Recently, IBM, Google, and Lyft announced Istio, an open-source platform aimed at helping organizations manage distributed applications comprising multiple small, independent modules we refer to as microservices. One of the key principles behind Istio is to provide uniform observability across the microservice infrastructure, without requiring special tooling. In this article I am going to talk about a specific aspect of observability that is of paramount importance to enable developers and operators to make sense of the overall behavior of modern applications—distributed tracing.
The benefits of modularization are well-known in software engineering; however, distributed cloud-native applications comprising a multitude of microservices pose additional challenges to debugging and troubleshooting, especially as the number of such components grows and their inter-relationships become more complex. For a long time, logs and metrics have been the de facto means to analyze the behavior of applications and debug them. Unfortunately, logs and metrics collected from individual microservices do not provide a holistic view of the application behavior, rendering them insufficient to reveal the cause of many problems and bugs.
Suppose an application suddenly begins to perform one of its user-facing functions slowly. In trying to reason about this problem, one might ask the following questions:
- How to identify the component(s) at the root of the issue?
- What are all interactions among the microservices?
- Which such interactions are in the critical path of the observed malfunction?
- Which microservice is the performance bottleneck?
- Is there any unexpected interplay between microservices?
Clearly, looking at each microservice’s logs and metrics would become a nightmare and provide little insight to answering the questions above.
How does Istio help with debugging microservices performance?
At the heart of the Istio service mesh is Envoy, an open-source L7 proxy and communication bus designed, announced, and popularized by Lyft. In Istio, each microservice is collocated with an Envoy instance, which is responsible for handling all incoming and outgoing network traffic. Thus, in effect, all Envoy instances together form a communication conduit through which the microservices interact with one another; each Envoy instance can therefore participate in monitoring all inter-service API calls and record, among other things, how long each call takes and whether or not it completes successfully.

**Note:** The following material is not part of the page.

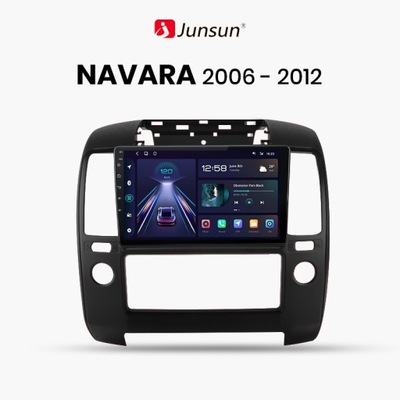 RADIO JUNSUN PARA NISSAN NAVARA 2006-2012 CARP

While working on Istio, we decided to tap into Envoy’s aforementioned power of observation to assist developers with debugging and troubleshooting. Envoy already supported a commercial solution for distributed tracing; as part of our work, we have contributed code to Envoy to support Zipkin, an open-source distributed-tracing technology. Our main goal was to empower developers to clearly see the big picture portraying all interactions among all microservices.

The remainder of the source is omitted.